Il avança alors dans le couloir qui s'offrait à lui. Le couloir mesurait 15 mètre de long et il y avait des portes de tout les côtés du couloir. Celui-ci se finissait par un intersection qui tournait à droite et à gauche. Le côté droit menait au ordinateur et celui de gauche à la salle des bureaux. Le russe prit celui de droite et avança jusqu'à une porte défoncer. Il jeta un coup d'œil à l'intérieur et vit un trou dans le plancher. Il devait faire environ faire 3 mètre de diamètre. Des ordinateurs se trouvaient dans le fond de la pièce, ceux-ci indiquait plusieurs pièces ou couloirs de la base. Donc le russe était bien arrivé à la salle de surveillance. Il entra alors dans la salle, avança jusqu'au trou et regarda dans celui-ci. Il vit le plancher du grand hall et aussi l'escalier. Le russe se colla contre le mur et commença à avancer en prenant garde de ne pas tomber. Il eut beaucoup de difficulté à avancer car il ne restait que 30 centimètres entre le mur et le plancher. Mais après quelque instant, il arriva enfin de l'autre côté. Le russe regarda l'un des écrans, il vit alors des hunters entrain de tuer les derniers survivants. Il ne restait presque plus aucun être vivant, seulement Karla et son équipe qui avançaient tranquillement dans le laboratoire. Sponovitch s'approcha encore plus de l'écran mais il n'entendit pas la personne qui venait d'apparaître en sortant du trou. La personne avança vers le russe en silence et un couteau apparut dans sa main droite. Sponovitch se pencha sur l'écran et appuya sur certain bouton.

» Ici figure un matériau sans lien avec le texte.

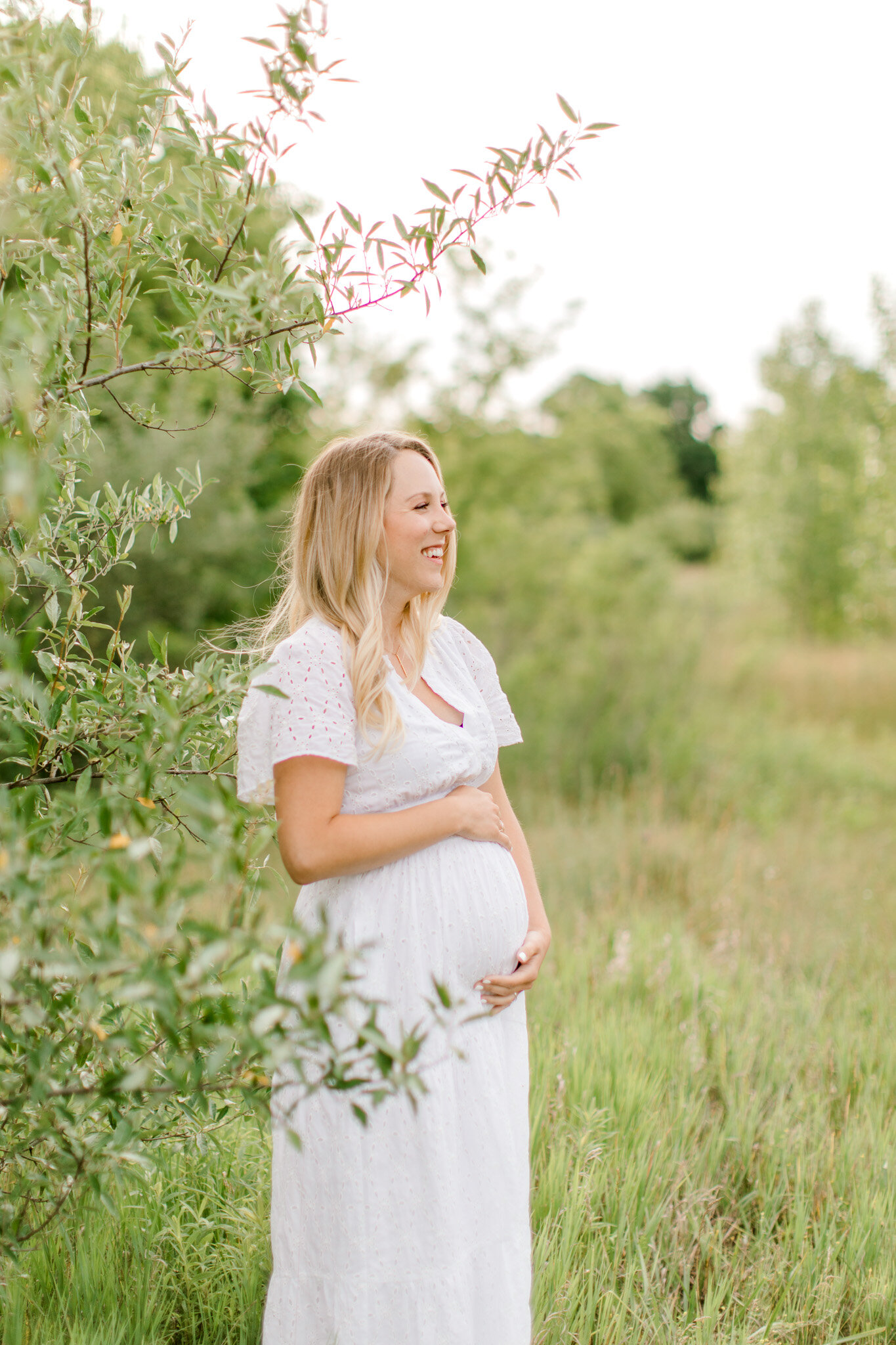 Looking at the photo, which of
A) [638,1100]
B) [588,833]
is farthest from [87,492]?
[638,1100]

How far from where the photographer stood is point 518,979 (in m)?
2.06

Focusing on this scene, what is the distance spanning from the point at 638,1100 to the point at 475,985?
4.62ft

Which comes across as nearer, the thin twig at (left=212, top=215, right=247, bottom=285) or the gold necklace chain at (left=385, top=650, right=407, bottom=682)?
the thin twig at (left=212, top=215, right=247, bottom=285)

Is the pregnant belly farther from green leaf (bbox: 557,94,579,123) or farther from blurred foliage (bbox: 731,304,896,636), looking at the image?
blurred foliage (bbox: 731,304,896,636)

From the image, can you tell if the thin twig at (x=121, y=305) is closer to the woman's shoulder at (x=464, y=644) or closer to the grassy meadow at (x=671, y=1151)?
the woman's shoulder at (x=464, y=644)

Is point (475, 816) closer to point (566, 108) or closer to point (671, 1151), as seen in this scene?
point (566, 108)

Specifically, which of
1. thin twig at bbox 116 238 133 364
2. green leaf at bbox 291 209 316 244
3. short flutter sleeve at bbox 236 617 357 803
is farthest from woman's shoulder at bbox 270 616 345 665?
green leaf at bbox 291 209 316 244

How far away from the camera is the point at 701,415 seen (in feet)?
237

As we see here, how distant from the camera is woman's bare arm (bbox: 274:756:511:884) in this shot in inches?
68.4

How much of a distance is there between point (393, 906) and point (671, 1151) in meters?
1.66

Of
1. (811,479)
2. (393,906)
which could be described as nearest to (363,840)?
(393,906)

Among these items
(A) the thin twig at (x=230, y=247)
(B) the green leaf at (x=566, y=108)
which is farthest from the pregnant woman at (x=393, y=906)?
(B) the green leaf at (x=566, y=108)

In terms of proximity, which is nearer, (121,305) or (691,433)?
(121,305)

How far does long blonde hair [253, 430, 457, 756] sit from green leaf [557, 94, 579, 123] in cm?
78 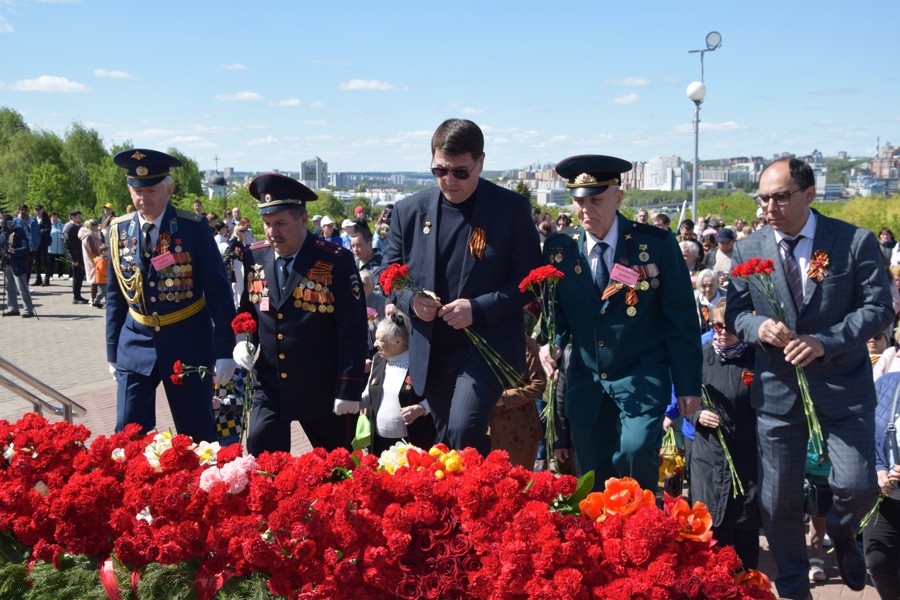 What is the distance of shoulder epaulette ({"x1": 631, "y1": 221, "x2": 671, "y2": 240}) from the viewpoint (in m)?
4.43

- Homme : Tu devrais être plus prudent.
Le russe sursauta et se retourna. Il vit alors un homme devant lui un couteau à la main pointé sur le russe. L'homme était habillé en noir et portait des lunettes de soleil. Ses cheveux était blonds plaqué en arrière.

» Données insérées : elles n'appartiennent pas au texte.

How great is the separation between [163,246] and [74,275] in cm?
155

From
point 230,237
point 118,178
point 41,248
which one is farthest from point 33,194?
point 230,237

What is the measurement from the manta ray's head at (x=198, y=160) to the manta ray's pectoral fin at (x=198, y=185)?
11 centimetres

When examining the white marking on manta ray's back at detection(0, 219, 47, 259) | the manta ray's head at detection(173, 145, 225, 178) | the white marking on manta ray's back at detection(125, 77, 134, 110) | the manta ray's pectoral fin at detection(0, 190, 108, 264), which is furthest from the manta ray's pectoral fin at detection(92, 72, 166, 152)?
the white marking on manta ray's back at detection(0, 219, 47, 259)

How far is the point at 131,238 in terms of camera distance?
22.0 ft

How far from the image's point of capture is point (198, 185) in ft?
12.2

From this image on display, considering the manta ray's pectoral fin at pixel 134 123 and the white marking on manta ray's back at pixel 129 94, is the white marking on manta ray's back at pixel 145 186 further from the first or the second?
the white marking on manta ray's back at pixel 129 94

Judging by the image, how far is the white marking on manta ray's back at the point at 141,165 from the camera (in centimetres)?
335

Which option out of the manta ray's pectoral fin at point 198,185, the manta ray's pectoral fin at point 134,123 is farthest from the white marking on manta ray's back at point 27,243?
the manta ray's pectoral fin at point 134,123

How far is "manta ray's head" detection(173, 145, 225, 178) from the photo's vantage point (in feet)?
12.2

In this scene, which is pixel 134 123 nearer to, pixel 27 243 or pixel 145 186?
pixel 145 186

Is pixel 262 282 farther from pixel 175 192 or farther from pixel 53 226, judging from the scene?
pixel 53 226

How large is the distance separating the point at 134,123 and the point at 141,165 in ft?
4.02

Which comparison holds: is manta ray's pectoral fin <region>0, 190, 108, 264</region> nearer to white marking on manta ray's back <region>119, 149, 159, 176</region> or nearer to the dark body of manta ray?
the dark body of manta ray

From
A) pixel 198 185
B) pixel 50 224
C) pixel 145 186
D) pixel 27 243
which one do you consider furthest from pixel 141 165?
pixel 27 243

- Sponovitch : Mais qui êtes-vous et que fessez-vous ici ?
- Homme : My name is Albert Wesker.
- Sponovitch : Vous ne seriez pas le père de Sandra par hasard ou quelque chose dans le genre.

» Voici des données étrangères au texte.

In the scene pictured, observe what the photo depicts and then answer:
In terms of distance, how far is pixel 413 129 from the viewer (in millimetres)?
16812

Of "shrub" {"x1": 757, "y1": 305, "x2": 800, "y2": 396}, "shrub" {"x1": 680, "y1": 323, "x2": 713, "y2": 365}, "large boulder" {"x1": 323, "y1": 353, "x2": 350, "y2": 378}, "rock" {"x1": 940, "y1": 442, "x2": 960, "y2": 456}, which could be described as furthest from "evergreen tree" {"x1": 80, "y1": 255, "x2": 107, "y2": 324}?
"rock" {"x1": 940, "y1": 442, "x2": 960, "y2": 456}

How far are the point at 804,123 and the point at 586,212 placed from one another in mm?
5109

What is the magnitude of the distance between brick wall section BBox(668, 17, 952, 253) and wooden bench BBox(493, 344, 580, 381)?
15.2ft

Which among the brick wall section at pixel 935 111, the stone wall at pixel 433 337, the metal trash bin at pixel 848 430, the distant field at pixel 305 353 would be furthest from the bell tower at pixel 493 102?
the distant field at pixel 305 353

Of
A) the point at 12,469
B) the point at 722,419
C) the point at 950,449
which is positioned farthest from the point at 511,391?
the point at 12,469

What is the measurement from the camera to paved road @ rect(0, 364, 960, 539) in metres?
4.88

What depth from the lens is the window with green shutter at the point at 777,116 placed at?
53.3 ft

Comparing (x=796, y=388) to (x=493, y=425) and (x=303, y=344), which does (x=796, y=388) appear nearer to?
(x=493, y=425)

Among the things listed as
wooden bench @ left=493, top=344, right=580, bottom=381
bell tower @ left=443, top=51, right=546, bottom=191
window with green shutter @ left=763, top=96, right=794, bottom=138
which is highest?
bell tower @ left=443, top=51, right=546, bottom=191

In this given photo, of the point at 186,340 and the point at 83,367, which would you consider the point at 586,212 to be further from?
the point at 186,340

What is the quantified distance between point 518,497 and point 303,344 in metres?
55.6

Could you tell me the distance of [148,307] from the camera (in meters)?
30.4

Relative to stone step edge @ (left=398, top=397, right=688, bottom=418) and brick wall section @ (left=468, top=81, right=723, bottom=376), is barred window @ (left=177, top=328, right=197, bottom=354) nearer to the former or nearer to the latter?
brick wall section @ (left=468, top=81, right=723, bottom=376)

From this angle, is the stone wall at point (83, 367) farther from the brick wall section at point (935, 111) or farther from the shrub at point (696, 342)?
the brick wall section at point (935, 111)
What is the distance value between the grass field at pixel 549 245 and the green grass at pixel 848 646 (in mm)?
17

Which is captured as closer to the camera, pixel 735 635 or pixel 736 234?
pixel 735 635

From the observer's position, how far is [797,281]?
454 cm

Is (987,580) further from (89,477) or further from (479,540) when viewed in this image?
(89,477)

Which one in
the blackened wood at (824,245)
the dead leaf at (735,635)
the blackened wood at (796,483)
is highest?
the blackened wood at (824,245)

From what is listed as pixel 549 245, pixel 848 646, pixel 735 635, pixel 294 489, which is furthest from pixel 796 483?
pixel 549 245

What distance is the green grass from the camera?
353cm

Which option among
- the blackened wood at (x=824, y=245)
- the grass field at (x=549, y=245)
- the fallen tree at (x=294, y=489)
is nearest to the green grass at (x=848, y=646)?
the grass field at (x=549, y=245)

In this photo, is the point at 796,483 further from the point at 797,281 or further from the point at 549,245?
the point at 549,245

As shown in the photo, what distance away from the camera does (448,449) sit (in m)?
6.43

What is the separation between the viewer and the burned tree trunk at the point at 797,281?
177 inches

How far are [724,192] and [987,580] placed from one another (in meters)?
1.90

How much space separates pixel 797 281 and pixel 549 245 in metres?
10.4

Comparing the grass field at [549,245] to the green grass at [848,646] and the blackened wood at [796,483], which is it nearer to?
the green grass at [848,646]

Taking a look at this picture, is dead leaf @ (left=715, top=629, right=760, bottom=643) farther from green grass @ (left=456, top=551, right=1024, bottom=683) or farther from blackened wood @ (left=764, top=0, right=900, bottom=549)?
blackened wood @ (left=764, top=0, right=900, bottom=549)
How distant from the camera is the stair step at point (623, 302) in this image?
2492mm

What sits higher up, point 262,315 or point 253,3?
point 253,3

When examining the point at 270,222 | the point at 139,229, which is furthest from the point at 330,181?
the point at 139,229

- Wesker : Peut-être bien que oui. Peut-être bien que non.
- Sponovitch : J'aimerais bien savoir ce que vous faites ici ?
- Wesker : Pourquoi vous le diras-je ?
- Sponovitch : À cause de ceci.
Le russe leva son magnum sur Wesker et le visa à la tête.
- Sponovitch : Sois tu me le dis ou sois que je te tire une balle entre les deux yeux.
- Wesker : Tant que tu ne tires pas sur mes lunettes.
Le russe mit alors son doigt sur la gâchette et s'apprêta à tirer mais Wesker ne le laissa pas aller plus loin. Il fit un bond vers l'avant à une vitesse prodigieuse et arracha l'arme des mains de son propriétaire. Le fusil fit un vol plané par dessus le trou et se retrouva dans le couloir.
- Sponovitch (surprit) : Mais que…
Wesker lui donna un coup de poing dans le ventre qui fit plié le russe en deux et il s'effondra par terre.
-Wesker : Oh, déjà ! Moi qui voulait s'amuser un peu mais on dirait que t u es moins résistant que je ne le pensais.
Il se dirigea vers le russe mais il fut surpris par celui-ci. Sponovitch l'empoigna par le cheville et tira d'un coup sec, ce qui fit tomber son ennemi mais celui-ci atterrit sur les mains et se releva d'un bond comme si de rien n'était. Wesker replaça ses lunettes sur son nez, comme elle avait glissé de quelque millimètres. Sponovitch se releva péniblement en se tenant le ventre, empoigna son fouet et le fit claquer pour le dérouler. Wesker le regarda faire en souriant.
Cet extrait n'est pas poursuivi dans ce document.